— Material for this exercise —
==*==
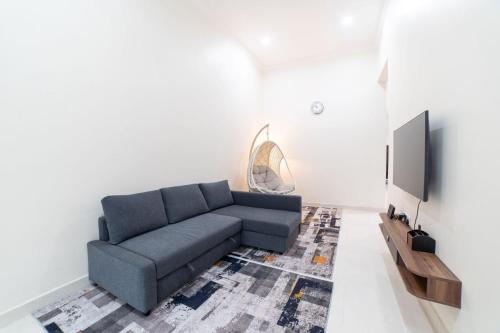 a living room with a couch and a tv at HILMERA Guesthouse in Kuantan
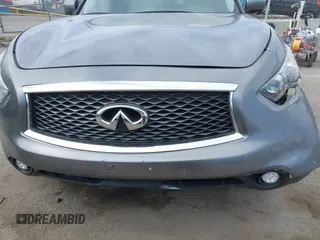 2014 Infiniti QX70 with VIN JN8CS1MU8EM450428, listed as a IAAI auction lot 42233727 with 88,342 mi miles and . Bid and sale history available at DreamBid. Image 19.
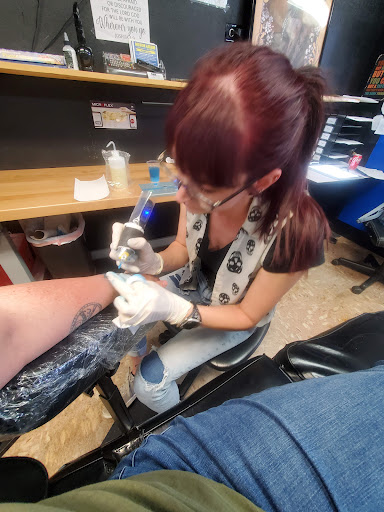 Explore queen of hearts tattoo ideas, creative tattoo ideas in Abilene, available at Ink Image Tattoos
==*==
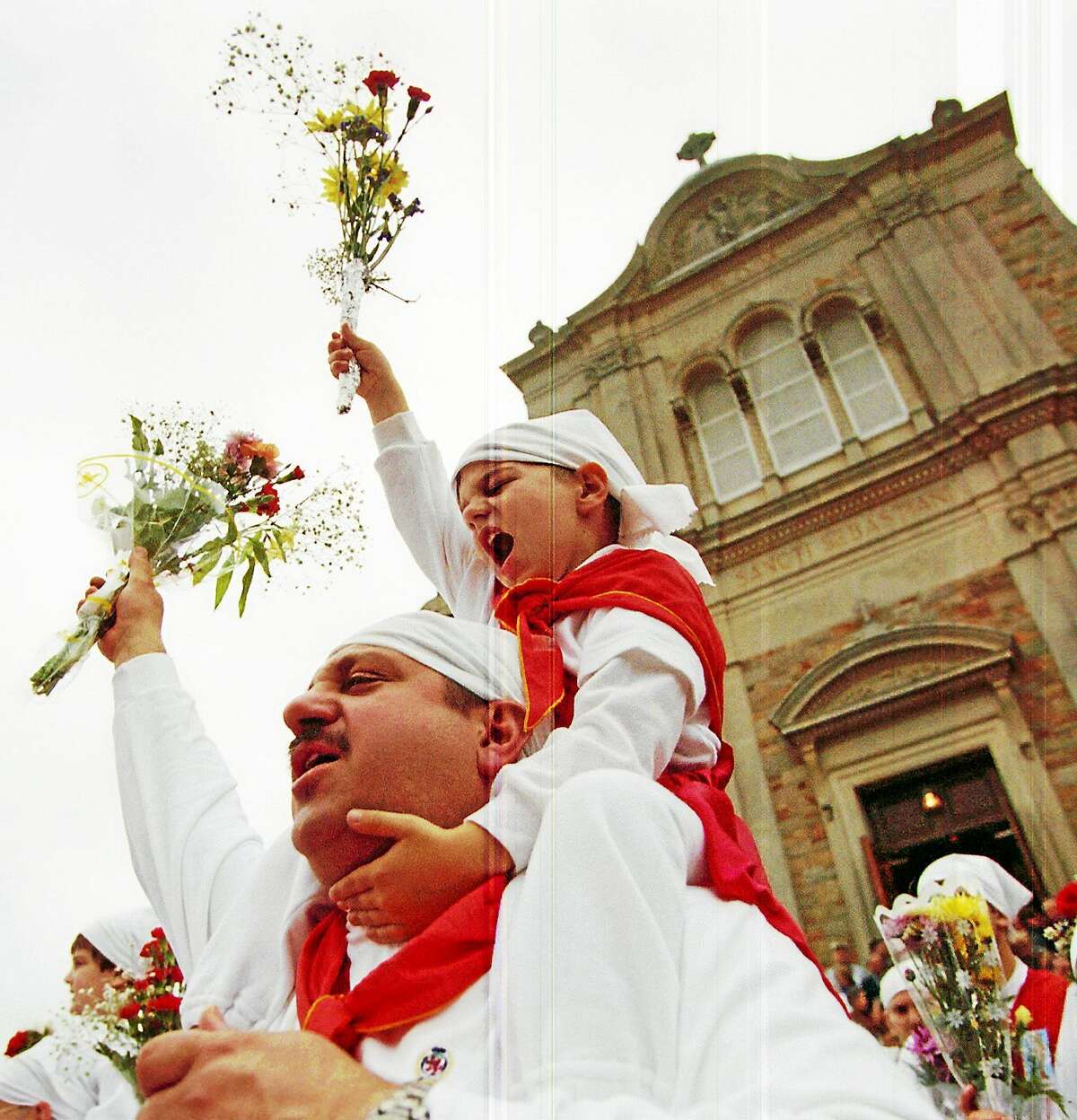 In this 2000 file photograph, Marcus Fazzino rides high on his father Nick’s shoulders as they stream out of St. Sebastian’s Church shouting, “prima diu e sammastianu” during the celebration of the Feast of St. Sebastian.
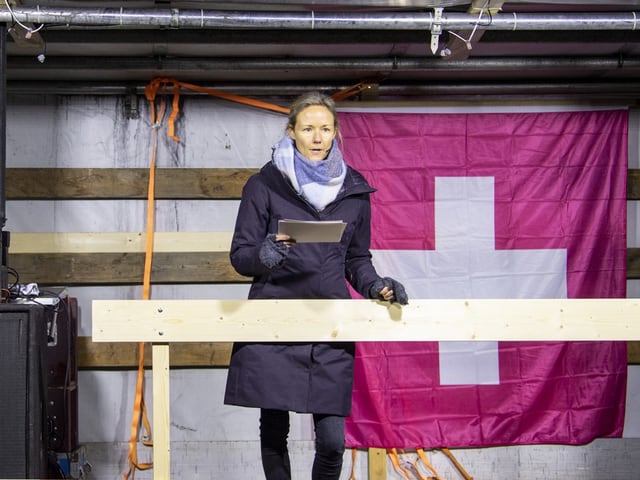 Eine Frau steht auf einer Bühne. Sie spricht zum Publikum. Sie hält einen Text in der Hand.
==*==
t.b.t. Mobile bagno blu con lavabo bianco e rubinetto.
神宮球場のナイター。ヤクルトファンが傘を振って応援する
==*==
Working from the records above, set down word for word everything from the line containing "In this 2000" down to the line containing "Eine Frau steht", ends included, minus the pictures.

— Task response —
 In this 2000 file photograph, Marcus Fazzino rides high on his father Nick’s shoulders as they stream out of St. Sebastian’s Church shouting, “prima diu e sammastianu” during the celebration of the Feast of St. Sebastian.
 Eine Frau steht auf einer Bühne. Sie spricht zum Publikum. Sie hält einen Text in der Hand.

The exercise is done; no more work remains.